I was leafing through the Global brochures, and was wondering what is the difference between the Global G-4 (Oriental Cook) knife and the Global G-7 (Oriental DEBA). From what I was reading, and please correct me if I'm wrong, the G-4 is used as a "chef" knife whilst the DEBA is more of a "boning/cleaver style" knife. Both knives look the same to me, with the exception that the G-7 comes as a left handed model.

Also, for those that own Global knives, is there much difference between the G series and the dropped forged (GF) ones?


----------



## jim berman (Oct 28, 1999)

The G4 and G7 appear absolutely identical to me, as well.

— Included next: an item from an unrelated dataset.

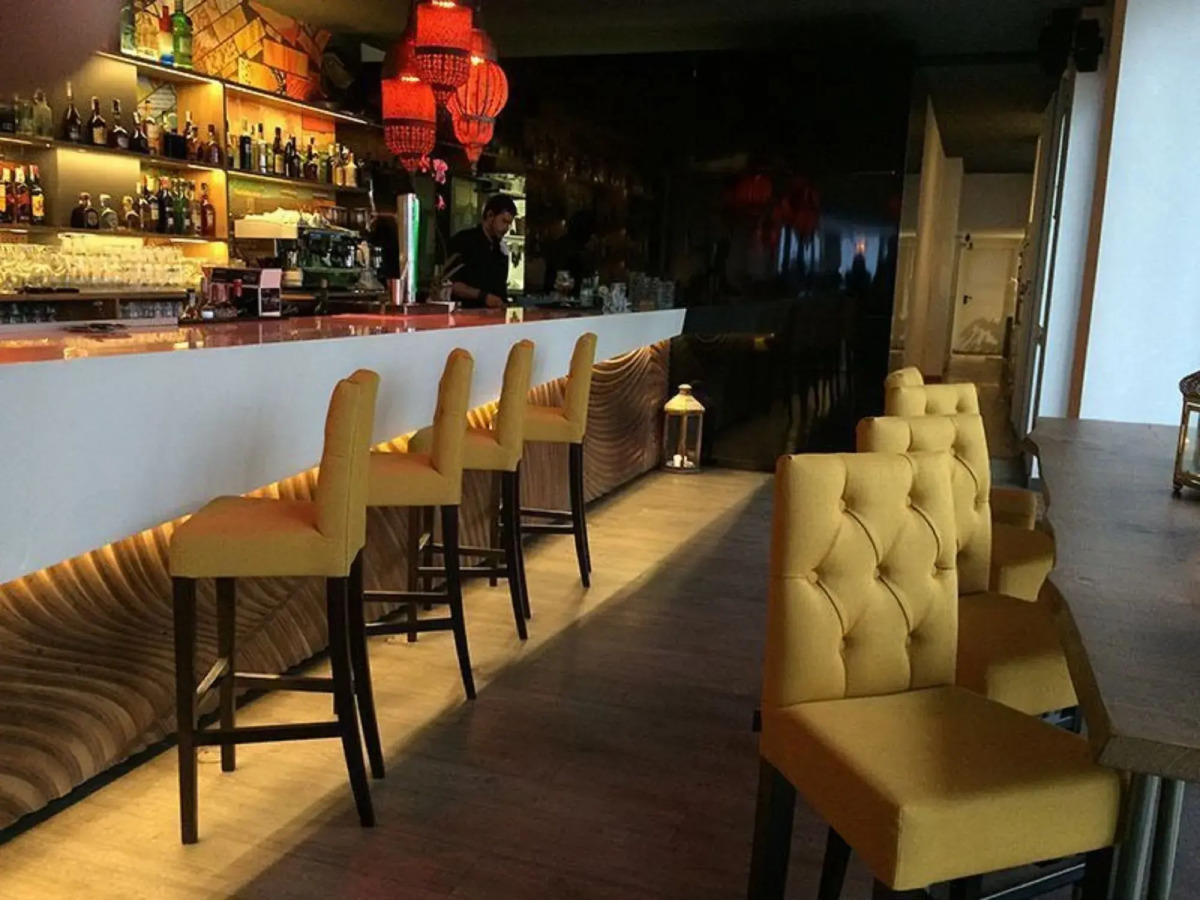 Hotel Boutique Sabbia Valencia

I did notice that the G7 comes with a left-sided bevel or right. 
There doesn't appear to be a price difference with the dropped forged variety, either. Have you handled any of these guys?
I wasn't completely comfortable with the 'airy' feel of the hollow handles. I guess it is a matter of personal preference. 
I found some decent info. on the Global line at:
Cutlery and More


----------



## brook (Oct 27, 1999)

When I had almost the identical question several years ago (unfortunately I forget the answer), the staff at professional cutlery direct (1-800-859-6994) were very helpful. If the person who answers the phone doesn't know the answer, they can put in contact with an in-house chef.


----------